Please keep it simple.


----------



## Greg Elmassian (Jan 3, 2008)

The simplest thing is to look it up on the Kadee site first, There is a menu on the site, in a gray bar called "CONVERSIONS" and there are 2 entries for large scale... 

What is listed for the 2-8-0 is "2-8-0 Consolidation.........................901† & 902†, 781" 

The little "t" means the new style coupler. 

There is a new generation that looks more realistic. You also have to decide between "G" scale and the "#1" scale. You have to pick that. 

Are you using stock couplers on the AMS coaches? 

There is no simple answer because you have to make some choices and also provide a bit more information, because coupler choice can also be related to the curves you have. 

Sorry, no simple answer... 

To recap: 

1. what couplers are you using on the AMS freight cars 
2. Will you standardize to all Kadee 
3. Do you want the smaller #1 or the G scale 
4. do you have track that goes up and down a lot? (bigger couplers stay together better) 

Greg


----------



## East Broad Top (Dec 29, 2007)

Don't go with Kadee, get the 1:20.3 AMS coupler. It comes in a bolt-on pocket that will bolt directly onto the rear (and front) of the B'mann 2-8-0. 



















Later, 

K


----------



## CCSII (Jan 3, 2008)

Greg


You mention the 781. I ordered the 781 based on info from the Kadee sight. As far as I can tell, that coupler, even with the "medium offset," mounts too low to be able to couple to the AMS cars which have the standard AMS couplers.


----------



## CCSII (Jan 3, 2008)

Sorry for the two posts in a row.

I have the 781 but have not done the exchange because it appears that it won't do the job. My track is level, my AMS cars will keep their original couplers for now, I'm not worried about the size.


----------



## Gary Armitstead (Jan 2, 2008)

I did the same install that Kevin suggests with the AMS 1:20.3 couplers. Direct bolt-on to the front and rear of the Connie. AND lines up just great for AMS cars.


----------



## CCSII (Jan 3, 2008)

Thanks for the help guys.


----------



## Greg Elmassian (Jan 3, 2008)

I think, and I know you want to keep it simple, that you need to decide #2 above..... first... (and that will rely on your answer to #1 above) 

All your other answers rely on this first. 

Based on your answer, the other question (coupler height) get's answered. Also, most people asking about Kadees are usually interested in the remote uncoupling. 

I'd make your overall decisions first. 

Greg


----------



## CCSII (Jan 3, 2008)

Thanks Greg


----------



## Torby (Jan 2, 2008)

Leave him alone with me a minute and I'll have him completely befuddled!

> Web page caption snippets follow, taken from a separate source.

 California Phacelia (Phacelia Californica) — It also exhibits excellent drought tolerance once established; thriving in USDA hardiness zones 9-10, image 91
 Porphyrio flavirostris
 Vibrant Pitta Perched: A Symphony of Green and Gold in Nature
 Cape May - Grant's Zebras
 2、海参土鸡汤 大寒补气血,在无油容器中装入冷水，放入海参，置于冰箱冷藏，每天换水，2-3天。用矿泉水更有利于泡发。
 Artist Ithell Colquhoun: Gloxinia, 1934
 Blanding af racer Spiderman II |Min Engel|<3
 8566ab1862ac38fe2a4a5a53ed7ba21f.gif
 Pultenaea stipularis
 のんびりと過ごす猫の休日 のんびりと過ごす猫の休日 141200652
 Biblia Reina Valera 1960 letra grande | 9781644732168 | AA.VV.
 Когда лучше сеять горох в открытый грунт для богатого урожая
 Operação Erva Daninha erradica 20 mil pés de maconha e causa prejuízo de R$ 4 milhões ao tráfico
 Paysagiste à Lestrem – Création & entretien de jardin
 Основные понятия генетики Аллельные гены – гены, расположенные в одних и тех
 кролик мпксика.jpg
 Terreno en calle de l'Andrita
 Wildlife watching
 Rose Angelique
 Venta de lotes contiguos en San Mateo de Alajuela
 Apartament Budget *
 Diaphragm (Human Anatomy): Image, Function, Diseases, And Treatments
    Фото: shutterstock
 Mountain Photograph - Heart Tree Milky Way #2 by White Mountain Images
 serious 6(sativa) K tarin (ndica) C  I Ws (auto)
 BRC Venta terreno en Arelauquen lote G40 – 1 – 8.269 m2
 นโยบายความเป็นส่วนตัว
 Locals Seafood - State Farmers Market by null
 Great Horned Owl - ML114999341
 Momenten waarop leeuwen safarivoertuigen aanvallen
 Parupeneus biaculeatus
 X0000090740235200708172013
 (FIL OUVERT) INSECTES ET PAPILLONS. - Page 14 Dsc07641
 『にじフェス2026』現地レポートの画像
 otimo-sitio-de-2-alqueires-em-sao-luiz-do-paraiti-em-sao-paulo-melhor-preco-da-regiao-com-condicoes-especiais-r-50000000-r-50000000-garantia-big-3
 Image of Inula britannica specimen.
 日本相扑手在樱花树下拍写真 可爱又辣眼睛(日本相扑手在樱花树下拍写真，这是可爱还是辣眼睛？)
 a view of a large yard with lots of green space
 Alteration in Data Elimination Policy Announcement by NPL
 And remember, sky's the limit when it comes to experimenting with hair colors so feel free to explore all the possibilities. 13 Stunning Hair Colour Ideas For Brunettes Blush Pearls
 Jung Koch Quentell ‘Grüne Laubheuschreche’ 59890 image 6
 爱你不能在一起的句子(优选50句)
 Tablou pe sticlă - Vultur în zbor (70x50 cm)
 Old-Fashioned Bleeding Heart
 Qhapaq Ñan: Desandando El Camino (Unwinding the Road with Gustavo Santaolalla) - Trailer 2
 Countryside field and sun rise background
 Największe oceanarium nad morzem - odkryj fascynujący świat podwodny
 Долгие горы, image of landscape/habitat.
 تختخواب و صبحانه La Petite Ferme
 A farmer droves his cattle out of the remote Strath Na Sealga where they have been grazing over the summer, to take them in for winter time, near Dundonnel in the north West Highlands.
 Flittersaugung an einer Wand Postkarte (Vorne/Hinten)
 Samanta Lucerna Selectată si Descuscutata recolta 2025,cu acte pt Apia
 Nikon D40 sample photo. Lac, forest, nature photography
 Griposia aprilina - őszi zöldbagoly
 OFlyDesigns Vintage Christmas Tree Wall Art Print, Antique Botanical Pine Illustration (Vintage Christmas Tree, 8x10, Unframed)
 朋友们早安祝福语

If the rest of your equipment has the ams coupler, just change this loco to match. Sounds like an easy conversion.


----------



## SRW (Jan 13, 2010)

I could 'befuddle' him further and suggest the Ozark Miniatures Link and Pin couplers that I chose for my Bachmann Connie which came out looking really good for my log cars. I made it so I can unscrew the pocket coupler and convert it back to Kadees though to hook up to my other cars when I choose to. [Just kidding as to the OP but I wanted to illustrate that you can do a couple of set ups that can be unscrewed and swapped for different applications so it doesn't have to be a permanent mod.]

http://www.ozarkminiatures.com/Scripts/prodList.asp


----------



## Mik (Jan 2, 2008)

Simple? ..... wire bread ties. The only true universal large scale coupler! 

If the rest of your stuff has AMS couplers, and they work for you, then I'd second the suggestion of just using them on the locomotive too. 

If you're looking to change the whole fleet to kadees, then follow whatever kadee suggests


----------